GIVEN RECORDS.

......

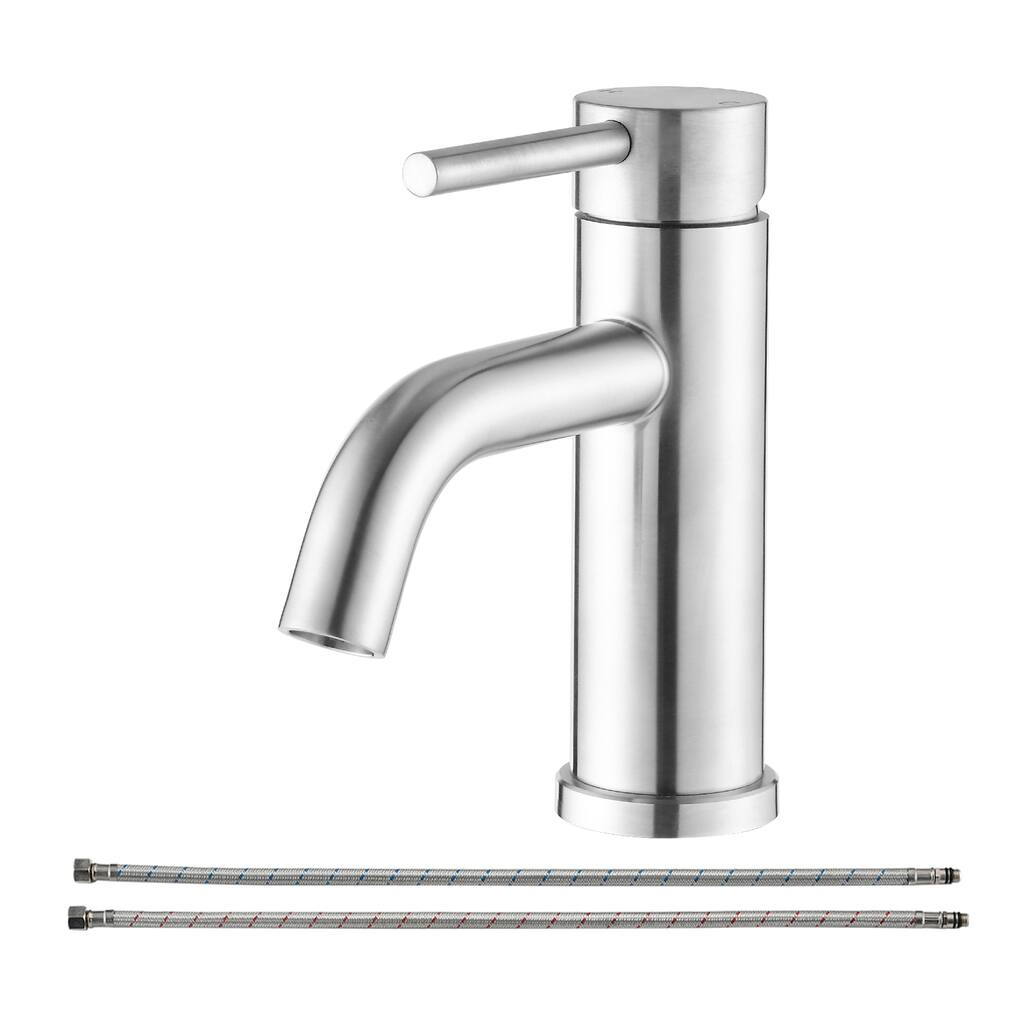 Topcraft Single Handle Bathroom Faucet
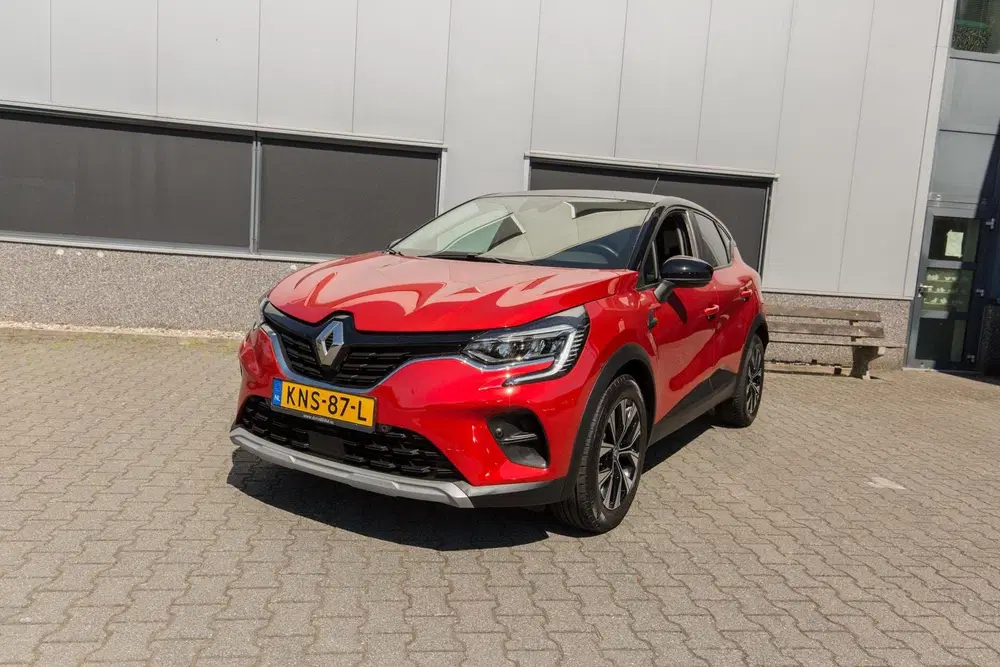 Renault Captur 1.0 TCe 90 evolution uit 2024, foto 3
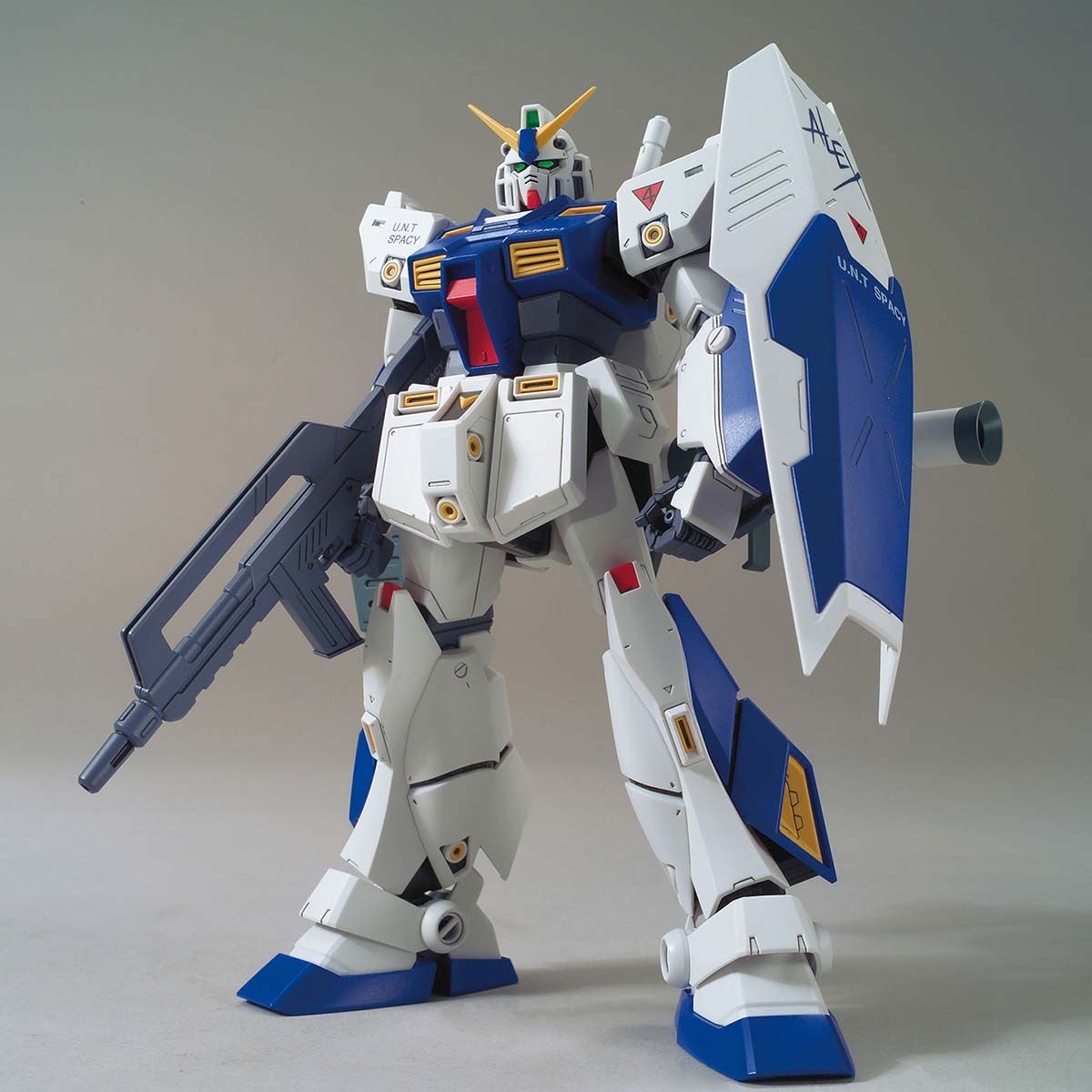 BANDAI SPRITS  機動戦士ガンダム0080 ポケットの中の戦争　MG 1/100 ガンダムNT-1 Ver.2.0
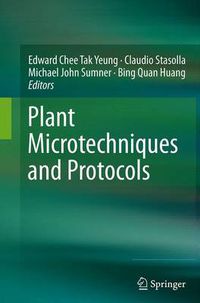 Cover image for Plant Microtechniques and Protocols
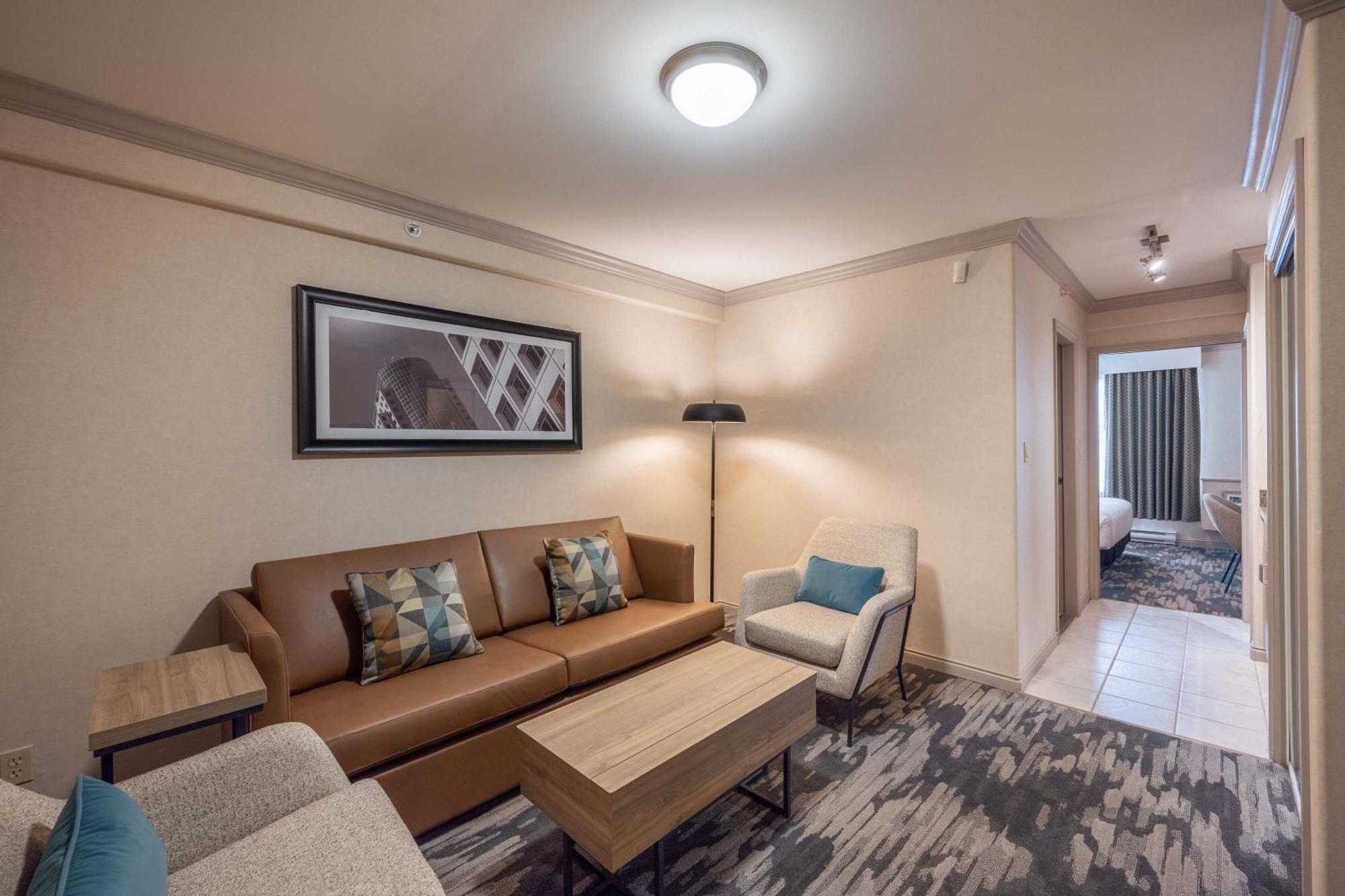 Sandman Hotel & Suites Winnipeg Airport Luaran gambar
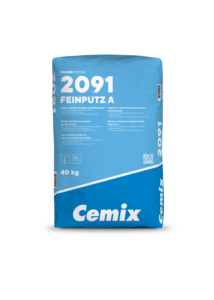 Tinci exterior Feinputz A Cemix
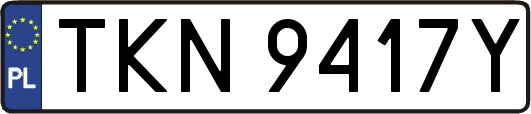 TKN9417Y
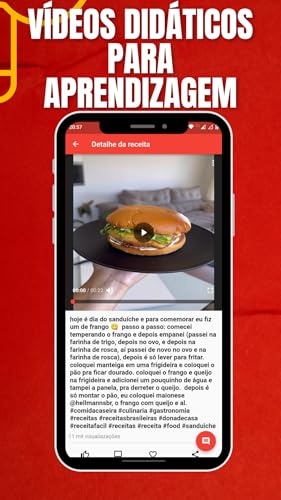 Receitas Secretas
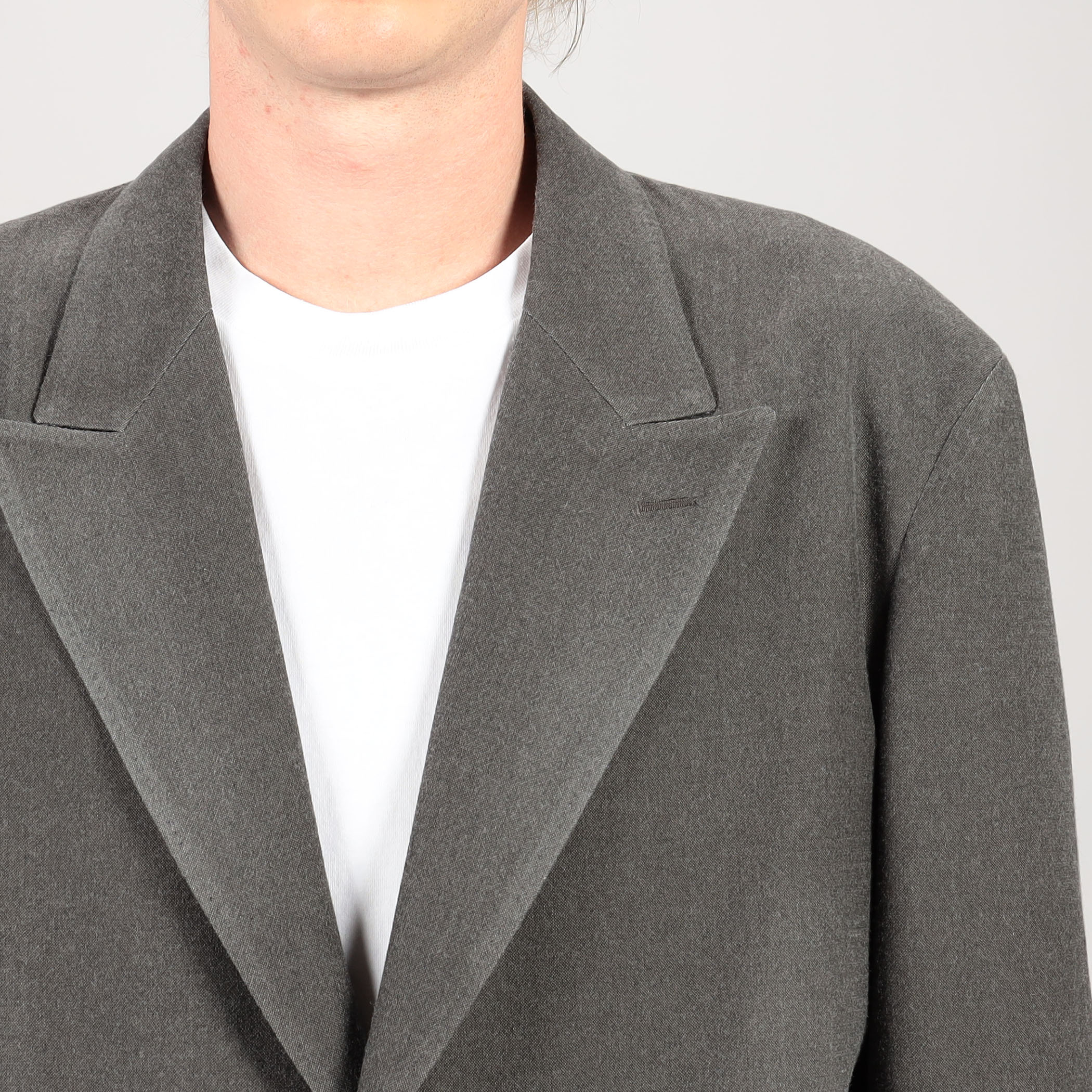 kiminori morishita Hand-shaving tailored jacket｜トゥモローランド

......

Starting at the line where "Renault Captur 1.0" appears, restate every line through the end of the records above exactly, but omit the pictures.

 Renault Captur 1.0 TCe 90 evolution uit 2024, foto 3
 BANDAI SPRITS  機動戦士ガンダム0080 ポケットの中の戦争　MG 1/100 ガンダムNT-1 Ver.2.0
 Cover image for Plant Microtechniques and Protocols
 Sandman Hotel & Suites Winnipeg Airport Luaran gambar
 Tinci exterior Feinputz A Cemix
 TKN9417Y
 Receitas Secretas
 kiminori morishita Hand-shaving tailored jacket｜トゥモローランド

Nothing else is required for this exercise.